In the aforementioned series Drawing after Circuit, for instance, which early has signaled the spatial and topographical dimension which would consolidate itself in Serra’s drawing - the succession of vertical lines of the series was produced based on the circumnavigation of the sculpture named in the title2 - the peculiar way in which he operates line as cut, a limit, a force of attraction or repulsion is remarkable. The recent transparencies in Mylar which he displayed in an exhibition organized by the Courtauld Institute in London (2013) obtained through “blind” printing procedures, of the contact of sharp tools against the back of surfaces covered with thick layers of paint, brings to the fore the importance of the gesture, which in Serra does not concern expression, but a methodic and rhythmic procedure, the unique and interminable process of self-creation of space itself. Weights (2008) seems to bring forward an experience of space as passage, so crucial in his drawing as in his sculpture- the understanding of the body as maximum concentration of density, but also as lightness, evanescence, and displacement, against the grain, let us say, of notions of axiality and weight, inherited from sculptural tradition.

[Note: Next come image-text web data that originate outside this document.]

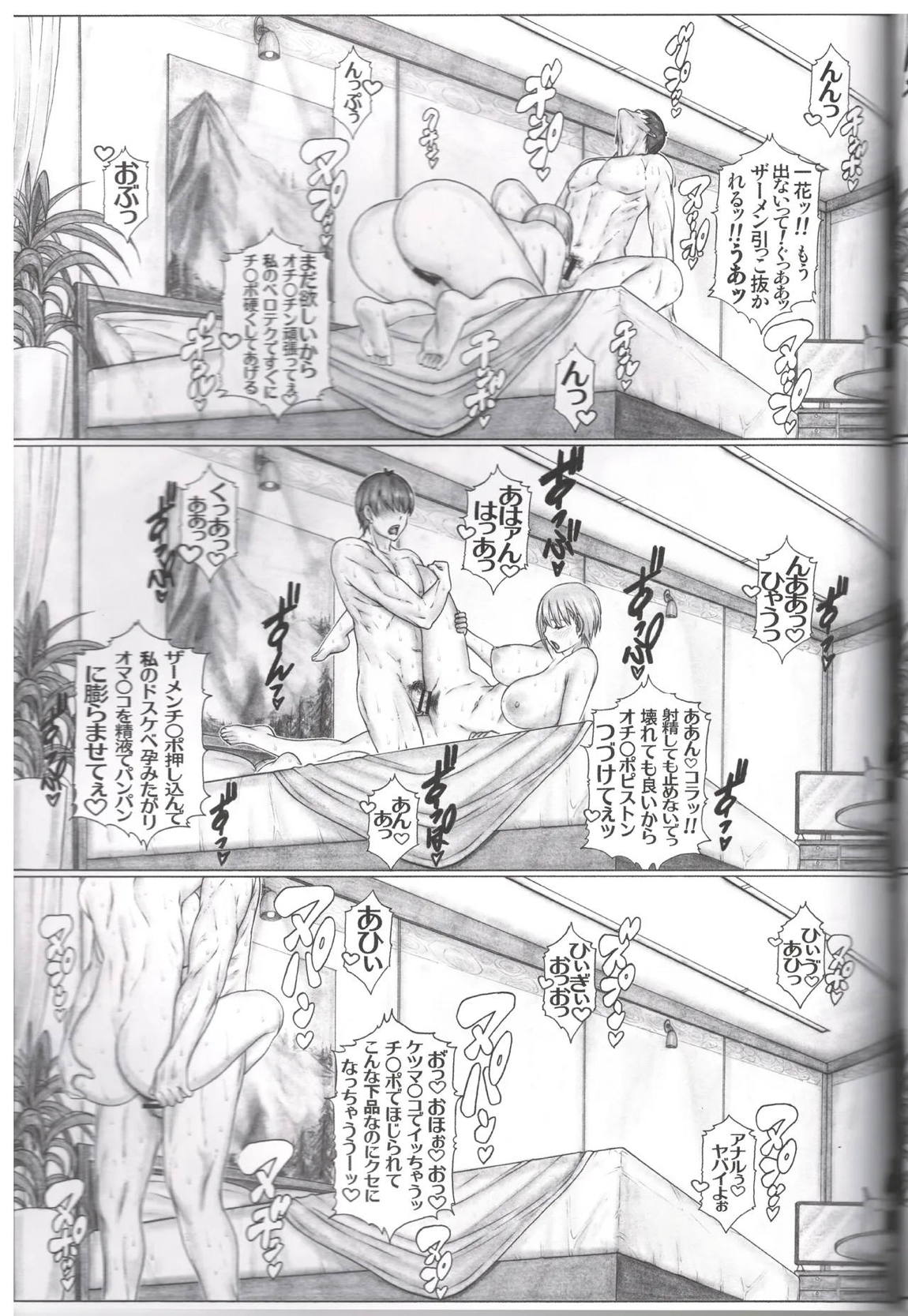 5等分のハ×嫁3 キミの濃厚タマ汁で汗ダク子作り!! 24ページ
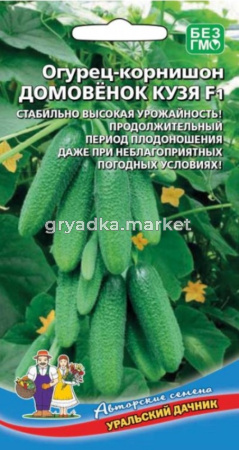 Огурец Домовёнок Кузя F1 (УД) Е-П
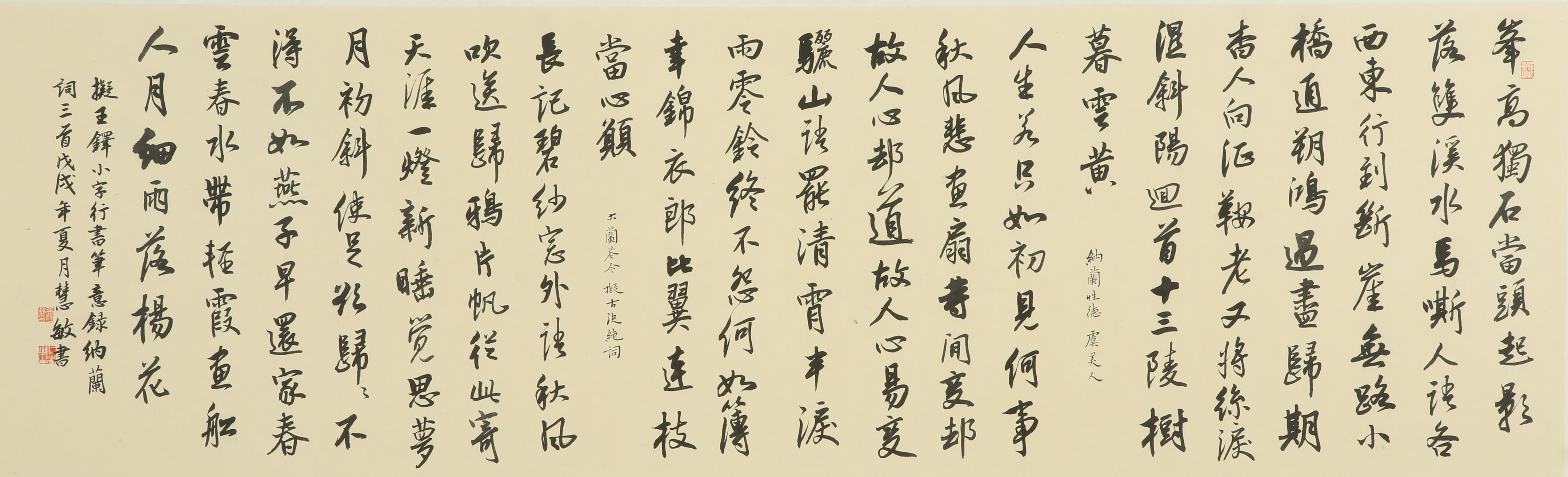 纳兰词三首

Drawing after circuit, 1972. Painstick on paper, 24 sheets, 91,4 X 61 cm (each). 

Weights, 2008. Painstick on handmade paper, eight parts, 77,4 X 55,8 cm and 55,8 X 77,4 cm. 

Drawings, installation, drawings-sculpture (or sculpture-drawings…) - it is of no importance the way one would like to call Serra’s production in both of his Brazilian exhibitions. Both bring together works that immediately summon up the entire volumetry of the space, all dynamic forces which confer its depth and multidirectionality, as is also characteristic of his two-dimensional production. In the current show at Instituto Moreira Salles there is something new: Serra radicalizes the tension - which characterizes his entire output - between the anonymous and impersonal dimension associated with the wall drawings and the complexity of unique gestures, accomplishing a methodical process which can only be decided in the spot, according to each case. From this perspective, this exhibition requires, as noted, a more internalized focus from the visitor.

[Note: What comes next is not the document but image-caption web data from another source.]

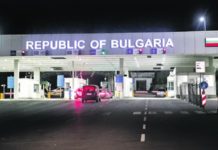 ILI KARANTIN ILI PCR TEST Bugarska uvela nova pravila, ovako je od danas moguće ući u ovu zemlju ili-karantin-ili-pcr-test-bugarska-uvela-nova-pravila,-ovako-je-od-danas-moguce-uci-u-ovu-zemlju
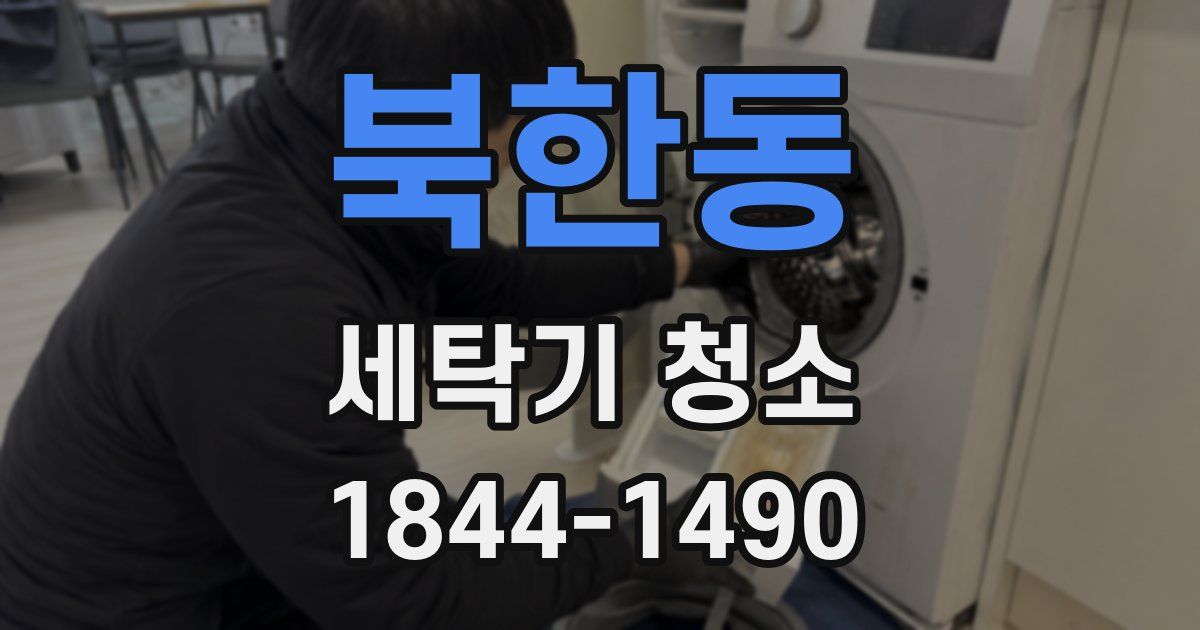 북한동 세탁기 청소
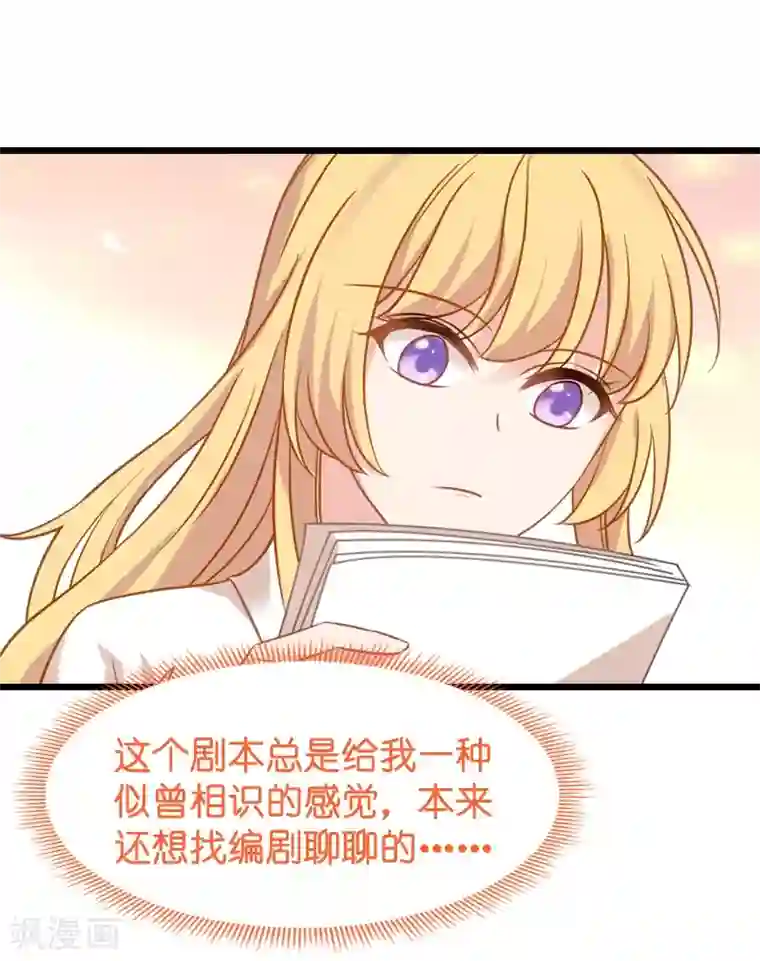 影后老婆不许逃第41话 神秘的编剧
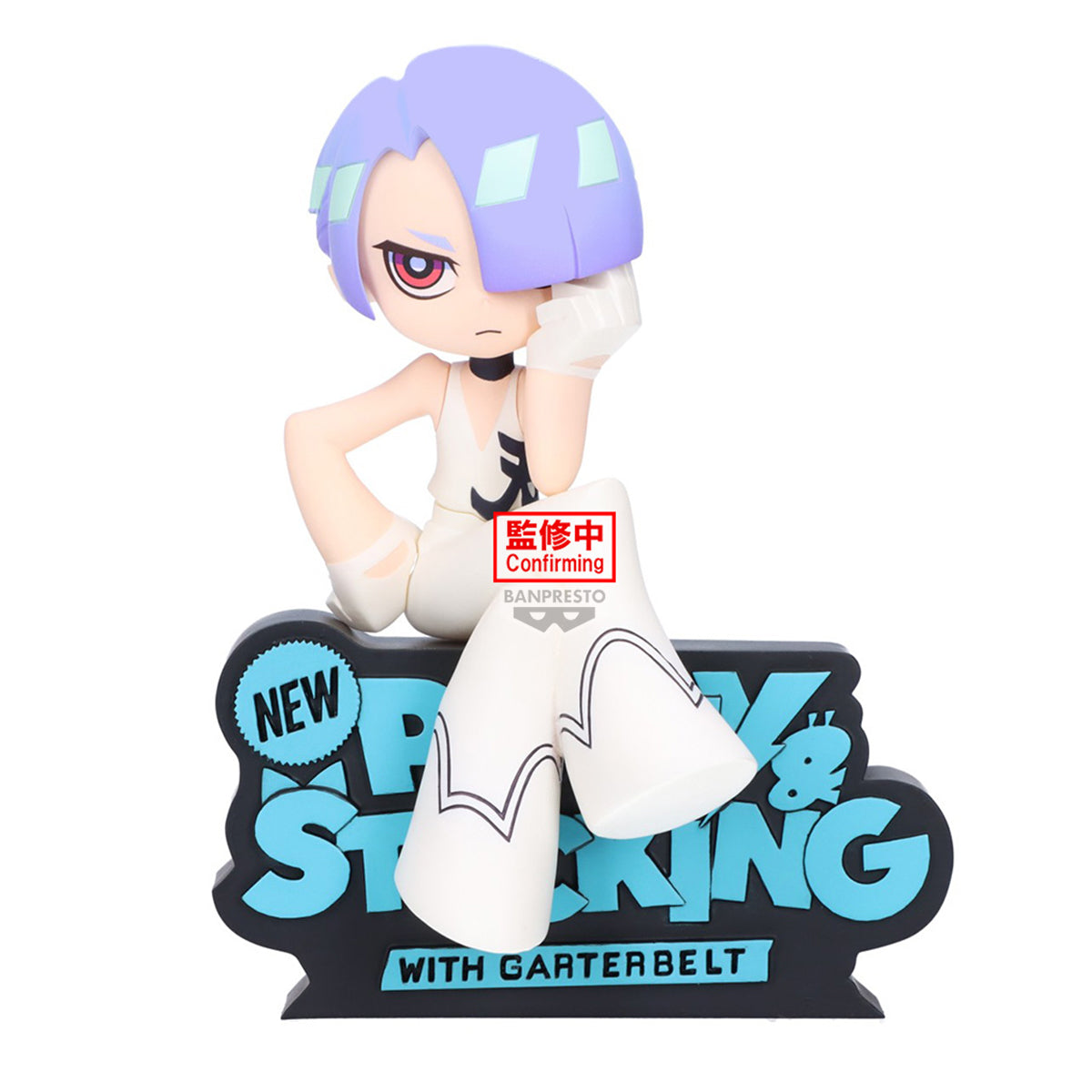 Banpresto New Panty & Stocking With Garterbelt Monitor Top Figz-polyester & Polyurethane- (a:polyester)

Constituting, since the beginning of the seventies, an autonomous segment in this body of work, also with decisive repercussion in Serra’s sculpture, the practice of drawing very likely brought him a certain way of operation. The artist even declared his appreciation for the silent activity of observing, of never underestimating or neglecting a thing3, and, of course, the habit of embracing, in the close record of drawing, this immense visual constellation of permanently available variables, of inspecting with sobriety all powers at play there, would come in handy to an observer with such susceptibility to the very little. Not coincidentally, drawing emerged in Serra’s production as a privileged place which led him to a non-hierarchical view of space, in which everything has its own relevance and intensity: a view, therefore complex, multifaceted, and contradictory.

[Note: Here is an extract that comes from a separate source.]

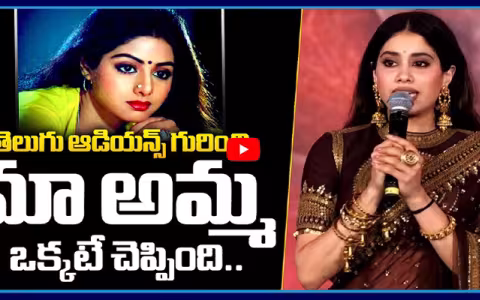 Actress Janhvi Kapoor Speech at Peddi Pre Release Event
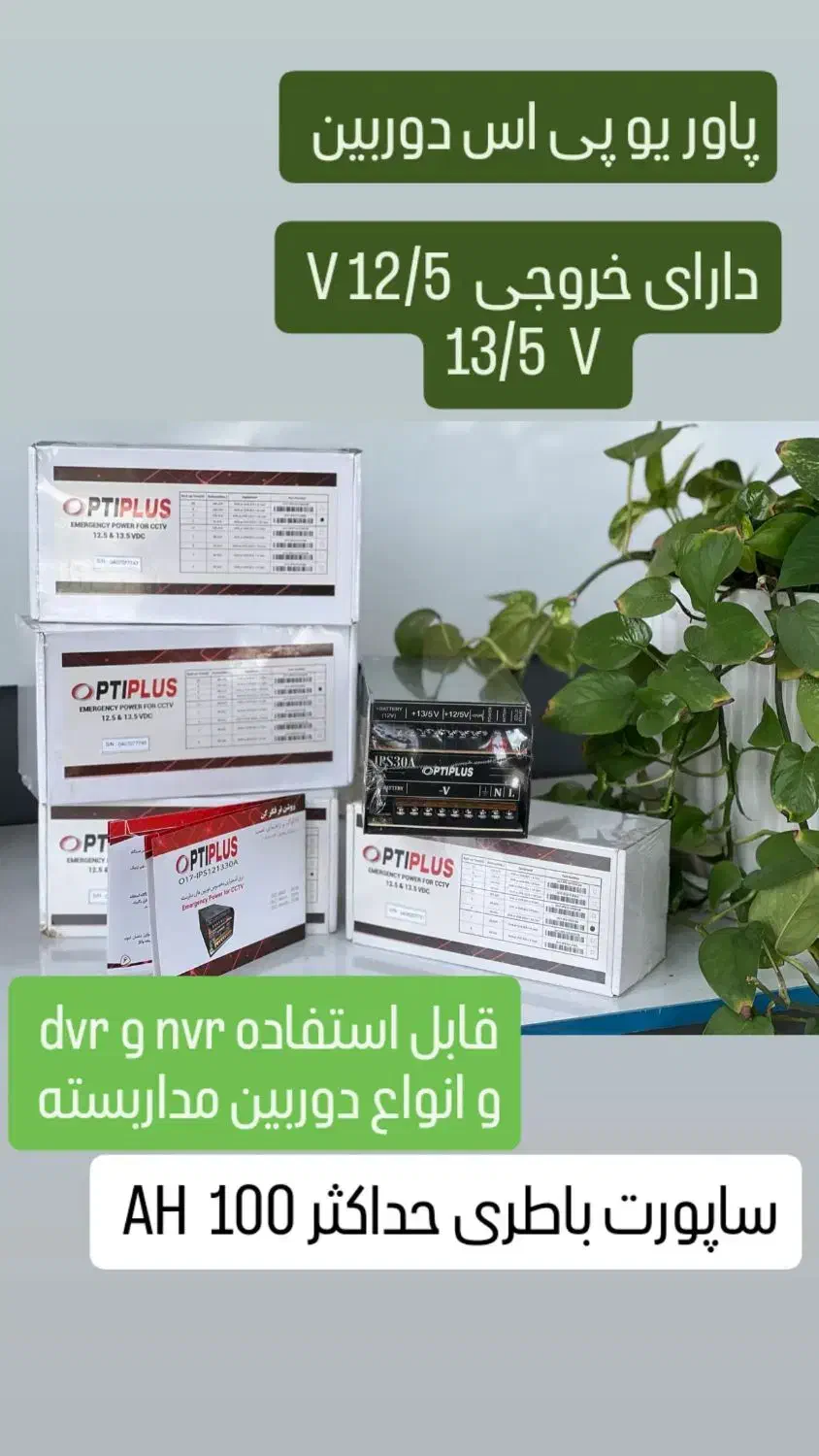 پاور یو پی اس دوربین|قطعات و لوازم جانبی رایانه|قم, باغ کرباسی|دیوار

It was in 1974 that Serra experimented for the first time with large-scale drawings, to which he referred later as “installation-drawings”, a composite expression in which the first term, significantly a noun derived from a verb, underlines the action of spatial positioning to which the artist exposed these works, as if one needed to differentiate them from those he usually exhibited.4 The fact that one had to “install” them, rather than “exhibit” them indicates not only an emphasis on the environmental scale of these drawings, a reference to the immediate connection they established with the whole architectural space of the exhibition; the strong use of the term also signals the artist’s intervention on the deconstruction of the monolithic body of the objects, of the functional relations to which they are usually exposed. From then on objects were introduced - as autonomous, although mutually implied parts - in an indeterminate formal status, they began to ask for consideration of their uniqueness and, thus, forced a repositioning of all viewpoints at play.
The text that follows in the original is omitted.